HO CHI MINH CITY • The municipal land registration office in Ho Chi Minh City has stopped issuing ownership certificates to foreigners who bought homes after Dec 10, 2015, reported the Tuoi Tre News website.
This restriction, apparently due to national defence regulations, poses a challenge to those wishing to own apartments legitimately in the south Vietnamese city, the news site reported on Thursday.
According to a decree on Vietnam's housing laws, foreigners can own up to 30 per cent of the apartments in a project and are barred from buying property built in areas reserved for the protection of national defence and security. Whether or not a piece of land is so reserved is determined by the Ministry of National Defence and the Ministry of Public Security.
The department of construction in each locality is supposed to publicly announce a list of housing projects available to foreign buyers. However, the Ho Chi Minh City construction department has confirmed that the list has yet to be issued by the two ministries.
As a result, the land registration office has received no guidelines to decide whether certain housing projects are available for foreigners to buy.
In January last year, Mr K. Elias, an American citizen, bought an apartment that was previously owned by a Vietnamese in the New Saigon apartment complex in Nha Be District.
After making all the necessary payments, Mr Elias is still struggling to officially register ownership of his new home.
Another buyer interviewed by the news website, a Malaysian who gave only his initials C.Y.O., purchased a unit in an apartment building in District 7 three years ago.
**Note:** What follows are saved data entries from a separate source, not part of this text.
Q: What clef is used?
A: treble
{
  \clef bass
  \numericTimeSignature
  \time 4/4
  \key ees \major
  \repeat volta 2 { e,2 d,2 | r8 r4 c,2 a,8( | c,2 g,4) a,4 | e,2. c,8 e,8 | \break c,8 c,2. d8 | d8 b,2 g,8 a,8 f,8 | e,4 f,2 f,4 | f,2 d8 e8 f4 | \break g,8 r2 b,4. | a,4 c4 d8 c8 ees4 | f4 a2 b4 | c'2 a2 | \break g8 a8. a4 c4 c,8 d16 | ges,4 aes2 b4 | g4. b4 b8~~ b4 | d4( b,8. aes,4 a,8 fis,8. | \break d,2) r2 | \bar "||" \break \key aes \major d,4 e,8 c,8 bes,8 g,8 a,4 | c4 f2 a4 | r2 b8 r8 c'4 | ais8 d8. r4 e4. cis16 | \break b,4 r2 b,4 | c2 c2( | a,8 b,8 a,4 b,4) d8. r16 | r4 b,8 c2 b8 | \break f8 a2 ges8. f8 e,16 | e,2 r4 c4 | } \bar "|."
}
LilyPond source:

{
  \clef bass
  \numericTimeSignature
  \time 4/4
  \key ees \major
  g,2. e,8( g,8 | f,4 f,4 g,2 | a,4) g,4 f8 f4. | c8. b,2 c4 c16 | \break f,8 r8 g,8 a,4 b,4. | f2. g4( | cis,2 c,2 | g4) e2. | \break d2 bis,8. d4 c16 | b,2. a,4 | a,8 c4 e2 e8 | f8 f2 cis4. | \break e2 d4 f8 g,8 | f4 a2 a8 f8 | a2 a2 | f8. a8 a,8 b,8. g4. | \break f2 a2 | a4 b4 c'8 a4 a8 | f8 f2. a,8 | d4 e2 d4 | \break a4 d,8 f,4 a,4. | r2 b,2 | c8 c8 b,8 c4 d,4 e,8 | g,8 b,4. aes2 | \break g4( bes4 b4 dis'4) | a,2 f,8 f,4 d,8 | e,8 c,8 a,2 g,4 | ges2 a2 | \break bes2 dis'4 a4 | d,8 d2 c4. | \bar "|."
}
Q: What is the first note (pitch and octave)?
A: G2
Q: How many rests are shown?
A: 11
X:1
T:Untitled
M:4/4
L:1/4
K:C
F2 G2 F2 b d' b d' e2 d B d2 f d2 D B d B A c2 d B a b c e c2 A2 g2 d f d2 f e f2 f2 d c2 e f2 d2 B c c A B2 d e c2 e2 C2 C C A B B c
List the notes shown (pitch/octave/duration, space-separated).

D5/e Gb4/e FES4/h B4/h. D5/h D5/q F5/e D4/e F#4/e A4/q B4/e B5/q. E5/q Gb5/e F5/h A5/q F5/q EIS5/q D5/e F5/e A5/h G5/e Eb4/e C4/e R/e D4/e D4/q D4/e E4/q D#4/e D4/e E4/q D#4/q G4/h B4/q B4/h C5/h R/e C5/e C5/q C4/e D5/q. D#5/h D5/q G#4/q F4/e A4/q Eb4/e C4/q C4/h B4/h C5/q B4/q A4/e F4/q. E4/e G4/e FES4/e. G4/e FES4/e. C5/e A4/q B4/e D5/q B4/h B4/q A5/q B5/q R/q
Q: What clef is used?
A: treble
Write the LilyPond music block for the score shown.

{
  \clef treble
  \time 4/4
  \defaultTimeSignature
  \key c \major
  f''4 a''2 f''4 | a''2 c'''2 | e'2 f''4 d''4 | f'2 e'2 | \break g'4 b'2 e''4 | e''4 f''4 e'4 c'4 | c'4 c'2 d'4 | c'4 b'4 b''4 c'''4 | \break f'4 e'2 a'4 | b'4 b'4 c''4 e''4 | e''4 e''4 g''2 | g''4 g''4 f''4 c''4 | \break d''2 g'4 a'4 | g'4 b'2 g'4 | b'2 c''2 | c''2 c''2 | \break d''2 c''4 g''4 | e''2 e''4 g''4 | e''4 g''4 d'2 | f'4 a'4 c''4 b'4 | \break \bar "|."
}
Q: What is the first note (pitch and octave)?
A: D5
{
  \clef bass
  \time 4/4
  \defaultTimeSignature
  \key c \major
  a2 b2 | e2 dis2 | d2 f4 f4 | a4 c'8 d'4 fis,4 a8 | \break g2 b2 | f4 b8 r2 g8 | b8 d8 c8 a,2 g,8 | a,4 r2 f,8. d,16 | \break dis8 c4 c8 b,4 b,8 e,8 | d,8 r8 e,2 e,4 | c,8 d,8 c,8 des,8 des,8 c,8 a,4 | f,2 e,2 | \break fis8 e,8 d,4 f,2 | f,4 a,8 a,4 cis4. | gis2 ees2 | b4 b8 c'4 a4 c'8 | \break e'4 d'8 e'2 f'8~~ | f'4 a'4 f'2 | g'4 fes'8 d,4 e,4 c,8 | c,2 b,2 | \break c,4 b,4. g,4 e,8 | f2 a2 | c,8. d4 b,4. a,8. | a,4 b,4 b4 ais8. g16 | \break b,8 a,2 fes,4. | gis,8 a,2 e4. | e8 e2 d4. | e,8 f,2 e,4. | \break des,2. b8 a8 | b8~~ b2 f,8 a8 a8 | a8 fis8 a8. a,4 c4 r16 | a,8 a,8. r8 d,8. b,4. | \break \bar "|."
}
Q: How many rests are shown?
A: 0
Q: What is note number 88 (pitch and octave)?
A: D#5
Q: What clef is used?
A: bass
According to the apartment developer, all Vietnamese citizens living in the complex have been given their ownership certificate, except for Mr C. It is believed that he is unable to obtain the necessary paperwork because he is a foreigner.
Property developers throughout Ho Chi Minh City have complained that the land registration office's refusal to grant documents to foreigners is having a negative impact on their contracts.
"This affects the image and reputation of Vietnamese real estate companies as well as the country's general investment environment," a company director stated.